Caption-style text data
--- START ---

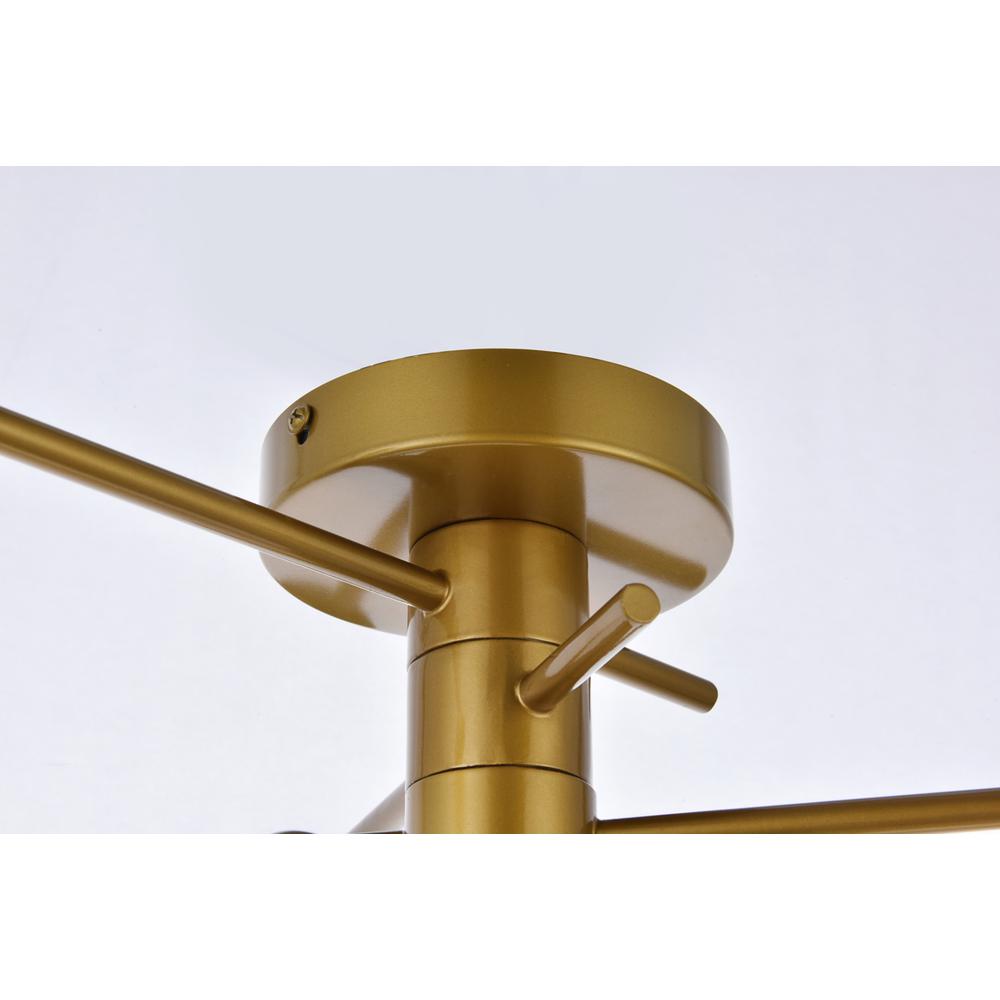 Xavier 3 lights flush mount in brass. Picture 4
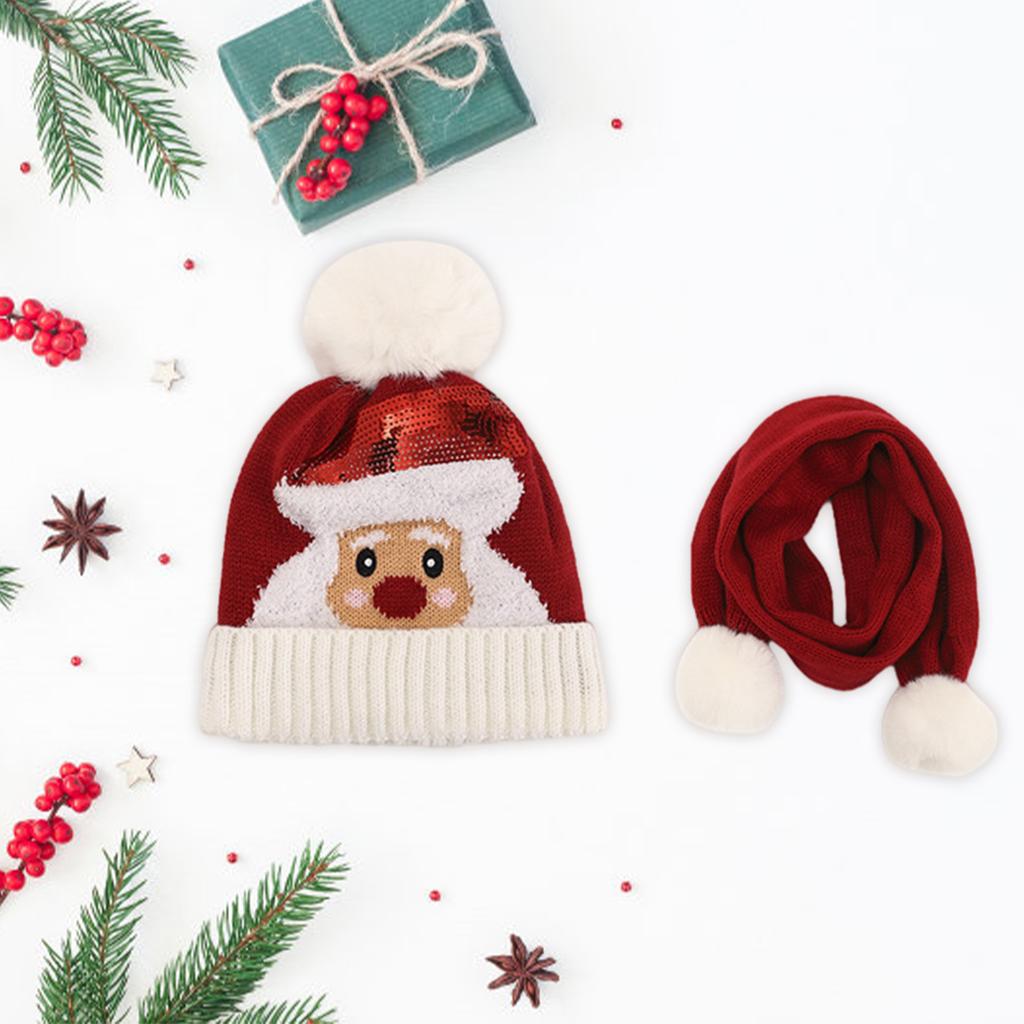Winter Children Hat with Pom for Boys Girls Santa Hat Scarf Set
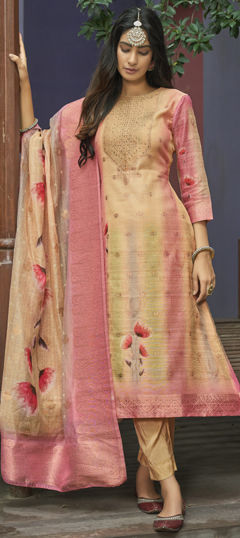 Beige and Brown color Salwar Kameez in Chanderi Silk fabric with Digital Print, Stone, Weaving work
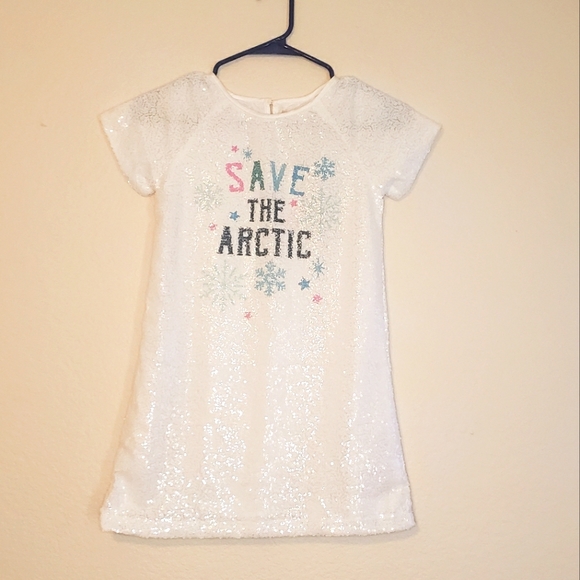 Peek Kids Girl's White Allover Sequins Save the Arctic Short Sleeve Dress 8 - Picture 1 of 12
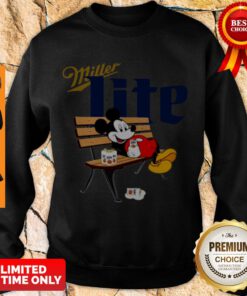 Mickey Mouse Drinking Miller Lite On Park Bench Sweatshirt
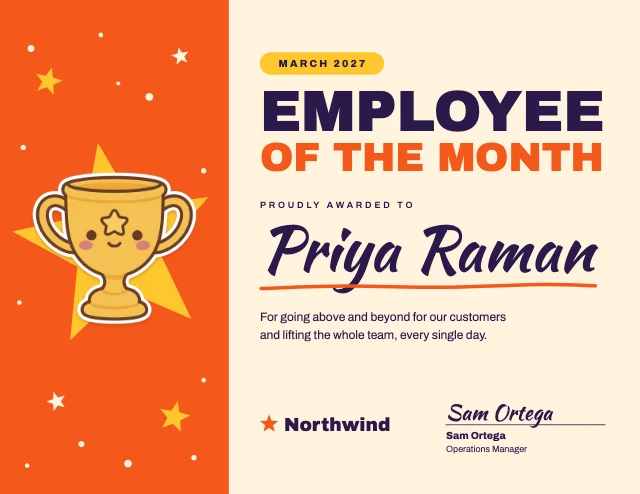 Employee of the month certificate template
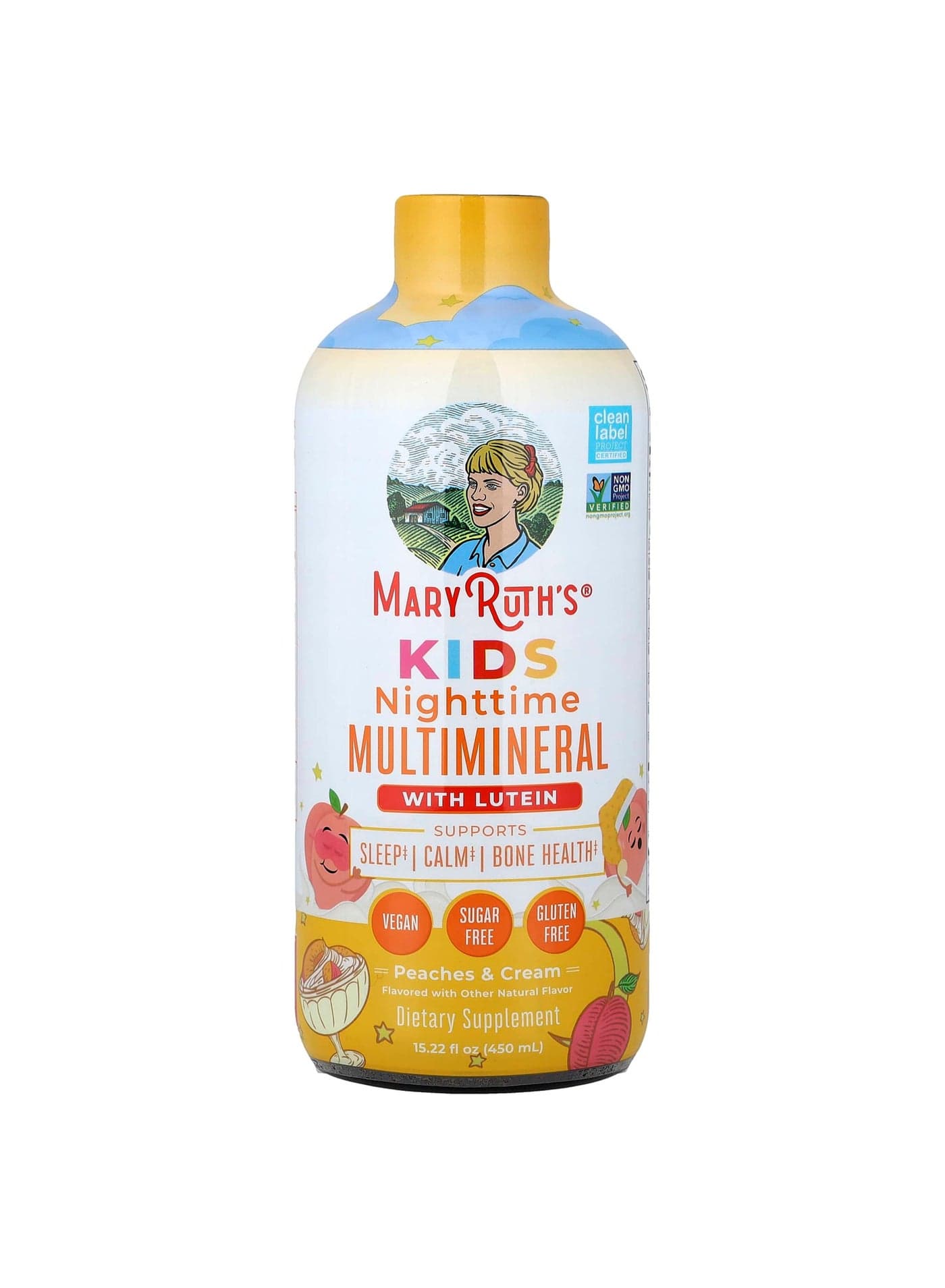 Kids, Nighttime Multivitamin With Lutein, Peaches & Cream, 15.22 fl oz (450 ml)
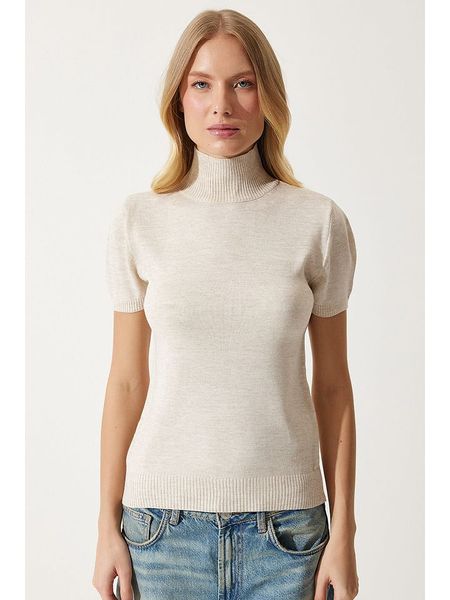 Happiness Istanbul Sweter w kolorze kremowym rozmiar: S/M. Brązowe swetry Happiness Istanbul, m, bez wzorów, bez ramiączek. Za 70.45 zł.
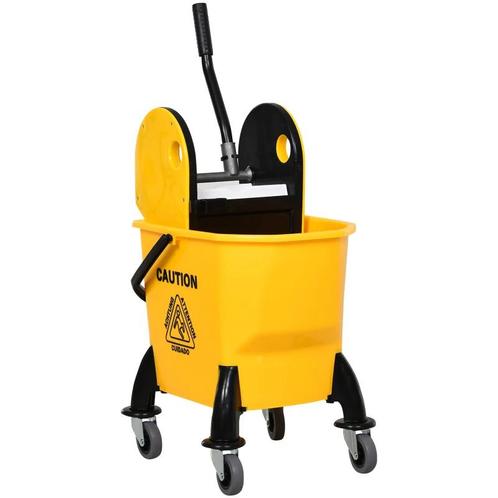 TRUUSK Schoonmaakwagen met Wringinrichting - 26 Liter - Geel, Huis en Inrichting, Schoonmaakartikelen, Verzenden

--- END ---

* _Goal of the exercise_:
This calls for each record above to be set down exactly, with the images skipped.

* _Result_:
 Xavier 3 lights flush mount in brass. Picture 4
Winter Children Hat with Pom for Boys Girls Santa Hat Scarf Set
 Beige and Brown color Salwar Kameez in Chanderi Silk fabric with Digital Print, Stone, Weaving work
 Peek Kids Girl's White Allover Sequins Save the Arctic Short Sleeve Dress 8 - Picture 1 of 12
 Mickey Mouse Drinking Miller Lite On Park Bench Sweatshirt
 Employee of the month certificate template
 Kids, Nighttime Multivitamin With Lutein, Peaches & Cream, 15.22 fl oz (450 ml)
 Happiness Istanbul Sweter w kolorze kremowym rozmiar: S/M. Brązowe swetry Happiness Istanbul, m, bez wzorów, bez ramiączek. Za 70.45 zł.
 TRUUSK Schoonmaakwagen met Wringinrichting - 26 Liter - Geel, Huis en Inrichting, Schoonmaakartikelen, Verzenden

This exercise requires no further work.